Tech CEO flies workers out of Ukraine as fear of invasion looms

A Ukrainian tech CEO says he flew more than 100 of his employees and their families from Kyiv to Montenegro two weeks ago in response to the threat of Russian invasion.

Driving the news: For Vlad Panchenko, of the digital assets company DMarket, the decision came down to trying to take control of an uncontrollable situation.

  • “I have to take care of the people and their families and their kids,” Panchenko told Axios in an interview from Montenegro. He is hoping the relocation is temporary and has budgeted it for two months.
  • “Nobody can predict what the person who is ruling Russia will be doing,” he said.
  • He acknowledged the uncertainty from Kyiv to Washington, D.C., about whether Russian president Vladimir Putin will use Russian forces surrounding Ukraine to win concessions or to actually invade.

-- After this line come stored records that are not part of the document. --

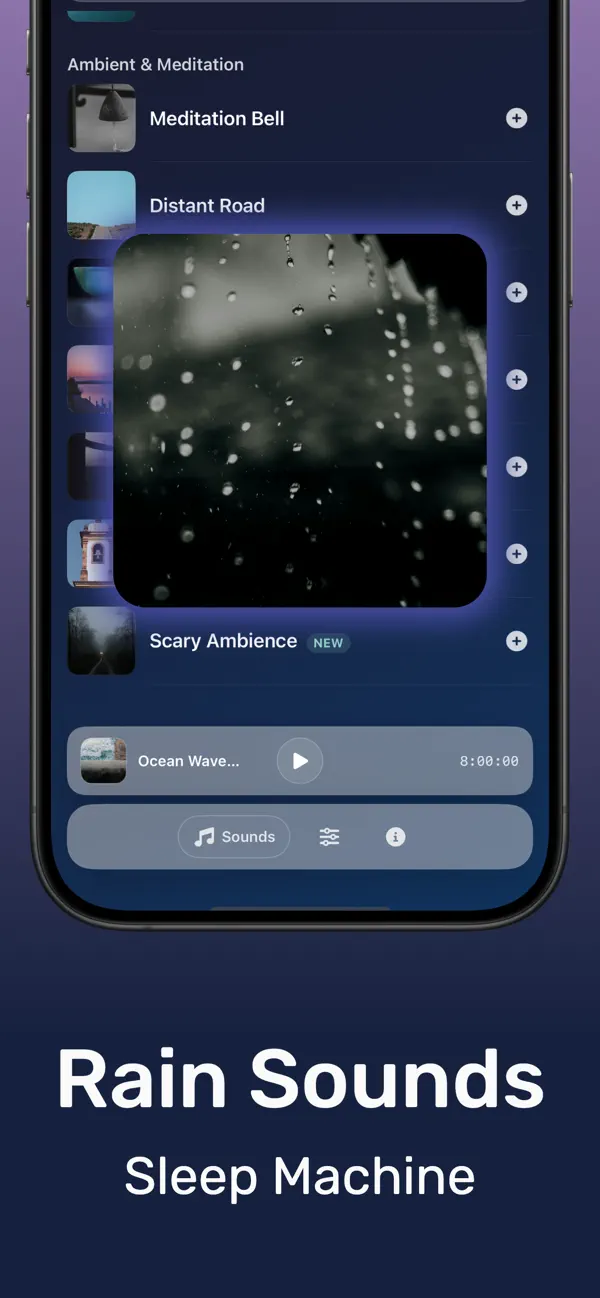 Rain sounds for sleeping playing in the DRMN white noise app on iPhone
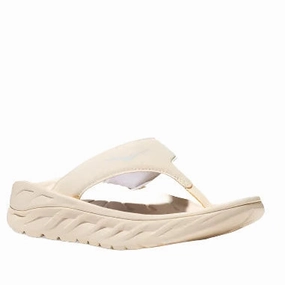 Water Resistant Finish HOKA Women's Ora Recovery Flip Sandal - Vanilla/Lunar Rock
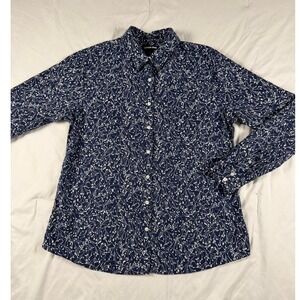 Lands End No Iron Supima Cotton Shirt 12 Navy Blue Floral Button Down Blouse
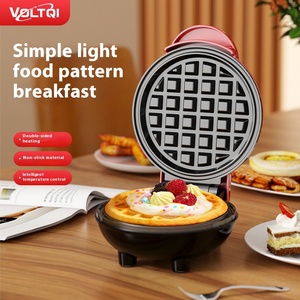 Mini máquina para hacer gofres, tostadora, máquina para hacer sándwiches, máquina multifuncional para el desayuno, eléctrica, con forma de corazón, antiadherente, de aluminio - Product Image 1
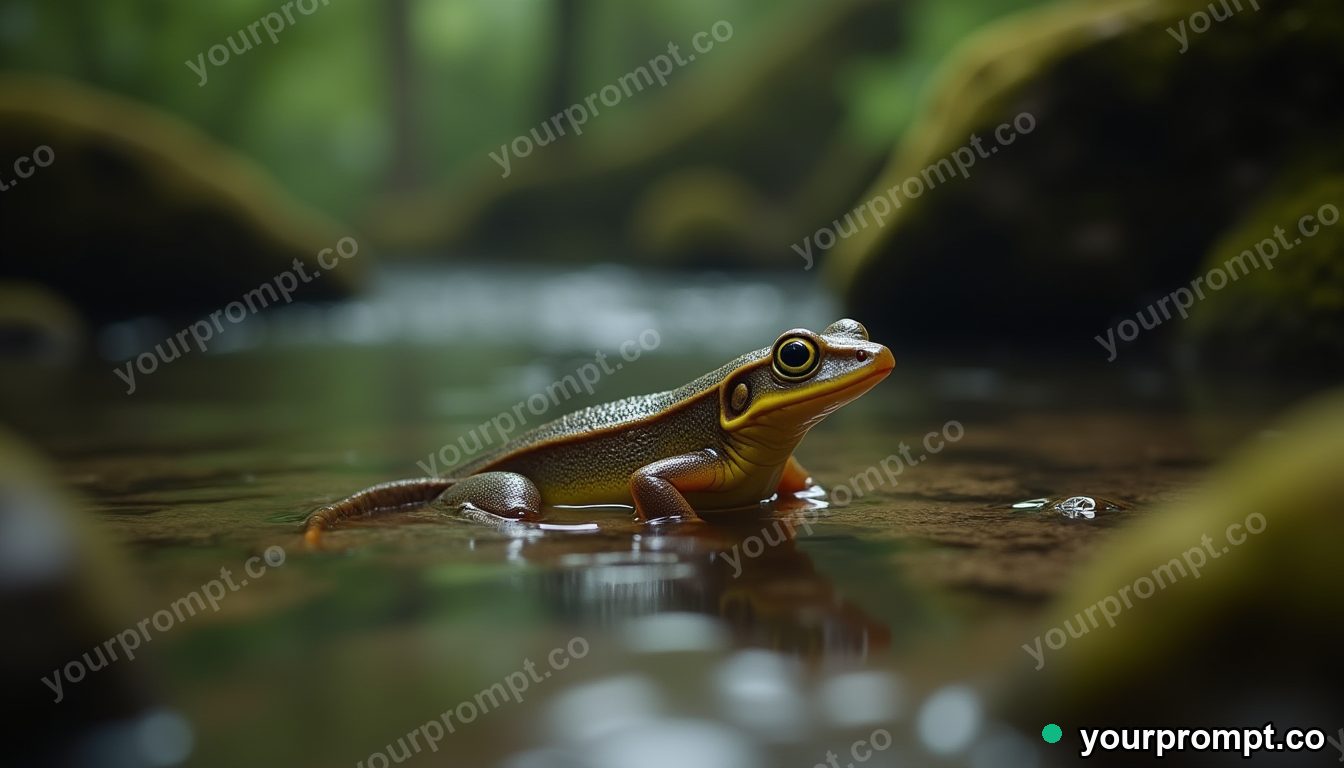A newt swimming in a clear forest stream in studio product photography style — AI-generated image from a text prompt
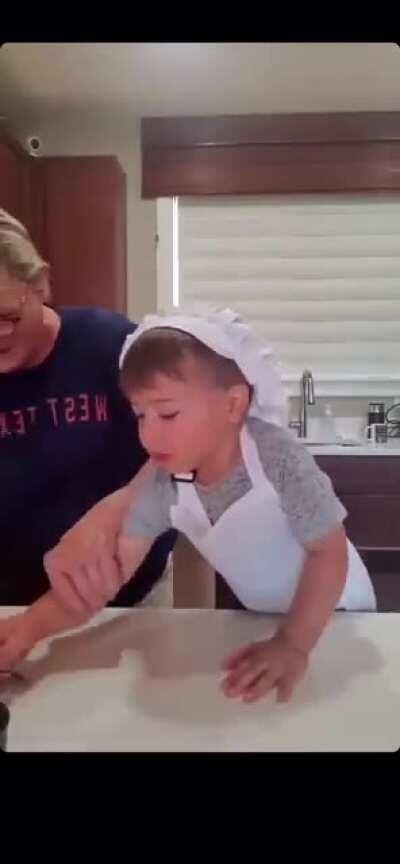 Baking a cake with grandma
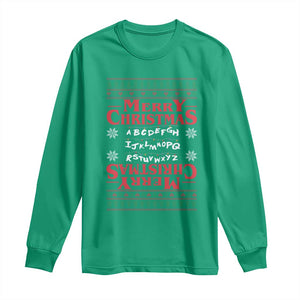 Funny Stranger Xmas Long Sleeve Shirt Merry Christmas Alphabet Neon Lights Movie TS11 Irish Green Print Your Wear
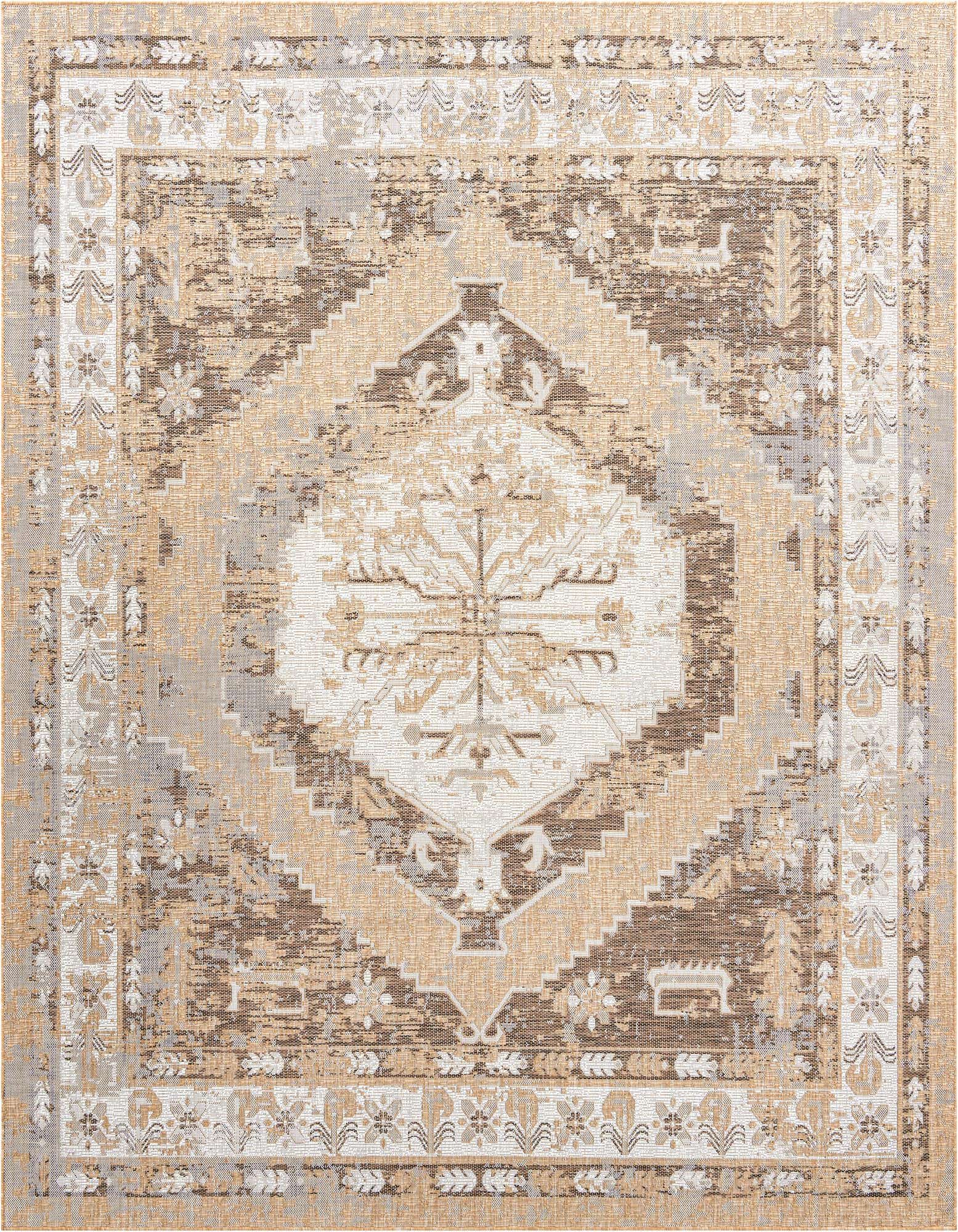10' x 10' Easy-Clean Traditional Indoor / Outdoor Square Rug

The big picture: While most citizens of Ukraine have no choice but to stay put, some business leaders are able to weigh the difficult decision of whether to relocate.

  • Alexey Menshikov, who runs indie video game studio Beatshapers, told Axios that his studio has a “worst case scenario” plan to move to another country, but is hoping for the best. He said his 30 or so employees have largely chosen to stay where they are.
  • One of Ukraine’s tech companies more visible to the West, the development studio GSC Game Word, is wrapping up development on a sequel to its S.T.A.L.K.E.R. gaming franchise. A rep for the studio declined to comment about how it’s dealing with the current situation.
  • Earlier this week, an Israeli cloud computing company said it would relocate nearly one thousand employees from Ukraine to Turkey for a couple of weeks, according to local media reports.
  • Panchenko said that peers initially told him he was overreacting but some have also chosen to move their teams from the country, at least temporarily.

Flashback: In 2014, following Russia’s invasion of Crimea, one of Ukraine’s largest video game studios, 4A Games, moved much of its team to Malta.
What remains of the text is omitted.